After two weeks out of the country, in a place where it was easier to escape because Internet access was (delightfully) spotty, it’s time to weigh in about a couple things that happened during the time away.
Today, figure skating. Tomorrow, Olympic bid city selection.
As predicted, almost nothing of consequence in the big picture happened at the International Skating Union’s biennial congress, as figure skating’s old guard voted to stay the course toward making their once-popular sport insignificant.
Despite calls from many respected members of the figure skating community for him to resign, Ottavio Cinquanta remains ISU president for two more years, unless he can orchestrate another maneuver to extend his term again even though he already has hit the age limit, 75. The congress thankfully rejected a proposal to raise its office holders and officials’ maximum age.
Anonymous judging, a key part of Cinquanta’s checkered legacy in 22 years as ISU boss, stays for senior-level events, even though a majority (a reported 30-24, with two abstentions) voted to scrap it. A two-thirds majority, or eight more yeas, was needed to pass it.
Stunningly, South Korea was among those to support anonymity, preferring renewed subservience to The Great Leader Cinquanta after its failed protest of the women’s result at the 2014 Olympics. (The word kowtow apparently translates well to Korean.)
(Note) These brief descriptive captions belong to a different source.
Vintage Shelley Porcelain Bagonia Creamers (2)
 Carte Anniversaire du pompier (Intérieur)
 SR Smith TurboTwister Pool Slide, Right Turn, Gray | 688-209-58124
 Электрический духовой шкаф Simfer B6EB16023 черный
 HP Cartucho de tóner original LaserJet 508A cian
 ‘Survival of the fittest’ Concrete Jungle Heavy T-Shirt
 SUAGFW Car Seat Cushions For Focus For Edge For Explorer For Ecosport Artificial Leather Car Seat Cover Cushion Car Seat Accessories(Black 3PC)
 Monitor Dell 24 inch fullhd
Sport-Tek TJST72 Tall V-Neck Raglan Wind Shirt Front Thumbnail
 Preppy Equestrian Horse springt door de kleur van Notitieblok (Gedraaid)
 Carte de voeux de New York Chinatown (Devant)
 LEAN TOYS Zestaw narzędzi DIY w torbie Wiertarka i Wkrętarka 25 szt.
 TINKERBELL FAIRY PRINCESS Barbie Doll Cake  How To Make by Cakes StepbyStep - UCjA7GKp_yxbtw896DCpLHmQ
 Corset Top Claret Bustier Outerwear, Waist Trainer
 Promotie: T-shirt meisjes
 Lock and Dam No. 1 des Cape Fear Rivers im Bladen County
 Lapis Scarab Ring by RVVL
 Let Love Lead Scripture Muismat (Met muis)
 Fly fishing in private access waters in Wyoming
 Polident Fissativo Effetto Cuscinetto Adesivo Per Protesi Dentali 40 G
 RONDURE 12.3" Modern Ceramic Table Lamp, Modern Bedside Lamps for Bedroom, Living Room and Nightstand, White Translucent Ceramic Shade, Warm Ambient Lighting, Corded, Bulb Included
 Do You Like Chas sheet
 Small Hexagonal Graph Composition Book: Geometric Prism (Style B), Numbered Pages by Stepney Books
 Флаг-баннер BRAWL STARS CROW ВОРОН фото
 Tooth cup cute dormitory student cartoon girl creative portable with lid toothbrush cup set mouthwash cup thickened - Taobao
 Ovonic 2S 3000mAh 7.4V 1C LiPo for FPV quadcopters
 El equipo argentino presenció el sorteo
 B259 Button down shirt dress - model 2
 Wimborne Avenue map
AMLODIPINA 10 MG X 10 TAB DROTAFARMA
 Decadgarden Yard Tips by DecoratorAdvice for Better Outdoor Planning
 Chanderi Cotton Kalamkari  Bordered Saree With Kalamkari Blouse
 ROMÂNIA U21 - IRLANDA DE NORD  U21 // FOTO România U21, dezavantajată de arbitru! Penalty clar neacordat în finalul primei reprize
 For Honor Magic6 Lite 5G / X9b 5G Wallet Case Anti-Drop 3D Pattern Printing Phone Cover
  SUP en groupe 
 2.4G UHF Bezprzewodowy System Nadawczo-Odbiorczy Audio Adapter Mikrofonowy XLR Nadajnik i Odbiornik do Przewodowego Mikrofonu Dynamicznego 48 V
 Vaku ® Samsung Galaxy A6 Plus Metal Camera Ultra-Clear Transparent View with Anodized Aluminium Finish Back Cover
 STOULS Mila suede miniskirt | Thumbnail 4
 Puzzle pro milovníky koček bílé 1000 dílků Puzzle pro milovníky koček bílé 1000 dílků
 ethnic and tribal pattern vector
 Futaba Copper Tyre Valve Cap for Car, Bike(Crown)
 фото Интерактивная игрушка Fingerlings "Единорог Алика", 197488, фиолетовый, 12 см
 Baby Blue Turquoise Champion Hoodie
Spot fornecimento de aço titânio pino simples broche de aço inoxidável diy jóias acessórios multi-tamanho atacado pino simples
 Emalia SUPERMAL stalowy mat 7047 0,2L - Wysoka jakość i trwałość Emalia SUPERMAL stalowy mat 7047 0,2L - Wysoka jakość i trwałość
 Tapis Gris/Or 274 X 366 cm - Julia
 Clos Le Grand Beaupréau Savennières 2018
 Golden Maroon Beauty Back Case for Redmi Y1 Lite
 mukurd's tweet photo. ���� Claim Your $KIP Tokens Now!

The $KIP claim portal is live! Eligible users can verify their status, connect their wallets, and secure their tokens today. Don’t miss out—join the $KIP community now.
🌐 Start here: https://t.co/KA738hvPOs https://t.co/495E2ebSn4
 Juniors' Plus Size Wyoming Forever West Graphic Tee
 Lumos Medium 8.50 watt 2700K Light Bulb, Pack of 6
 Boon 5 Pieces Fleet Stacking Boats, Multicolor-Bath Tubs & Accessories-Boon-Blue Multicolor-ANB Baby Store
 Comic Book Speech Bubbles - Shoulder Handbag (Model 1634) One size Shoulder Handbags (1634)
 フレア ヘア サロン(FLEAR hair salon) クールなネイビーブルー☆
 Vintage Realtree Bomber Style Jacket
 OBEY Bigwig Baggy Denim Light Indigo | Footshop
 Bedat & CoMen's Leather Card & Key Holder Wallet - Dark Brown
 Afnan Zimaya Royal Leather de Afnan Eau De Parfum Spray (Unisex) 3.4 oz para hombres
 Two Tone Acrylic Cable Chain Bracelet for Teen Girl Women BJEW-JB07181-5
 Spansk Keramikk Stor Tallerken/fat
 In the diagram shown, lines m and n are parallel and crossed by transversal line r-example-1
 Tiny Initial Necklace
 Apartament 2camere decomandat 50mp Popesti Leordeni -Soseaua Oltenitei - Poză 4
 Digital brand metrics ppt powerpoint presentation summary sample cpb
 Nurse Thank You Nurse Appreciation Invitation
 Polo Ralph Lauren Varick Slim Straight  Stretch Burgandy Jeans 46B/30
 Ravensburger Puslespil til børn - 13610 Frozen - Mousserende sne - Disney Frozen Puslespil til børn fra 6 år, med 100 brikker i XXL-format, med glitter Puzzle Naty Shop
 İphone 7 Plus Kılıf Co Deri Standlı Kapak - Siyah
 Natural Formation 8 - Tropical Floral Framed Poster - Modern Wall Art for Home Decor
The ISU gave that South Korean complaint the back of its hand, dismissing it on a technicality. It also said it was perfectly OK to have judges with monstrous conflicts of interest, including being the spouse of a top national federation official, and OK for the same judges to be hugging skaters they just judged, as Russia’s Alla Shekhovtseva (the spouse in question) did minutes after Russia’s Adelina Sotnikova won the gold medal in a controversial decision over South Korea’s Yuna Kim.
The ISU decision on Shekhovtseva said: “The Alleged Offender did not deliberately or negligently breach the rules; she responded reflexively when the skater raised her arms for an embrace.”
You can’t make this stuff up.
Relentlessly determined to make every effort to reduce figure skating’s TV attractiveness, the sport’s pooh-bahs rejected the idea to have the free skate run in exact reverse order of the short program finish. Why would you want to add excitement by having the leader go last?
The idea of cutting 30 seconds from the pairs and men’s free skates so they would be the sane length (four minutes) in all four disciplines was surprisingly rejected. After all, who wouldn’t want to see 30 seconds more of the slop with which all a handful of top pairs fill out their programs?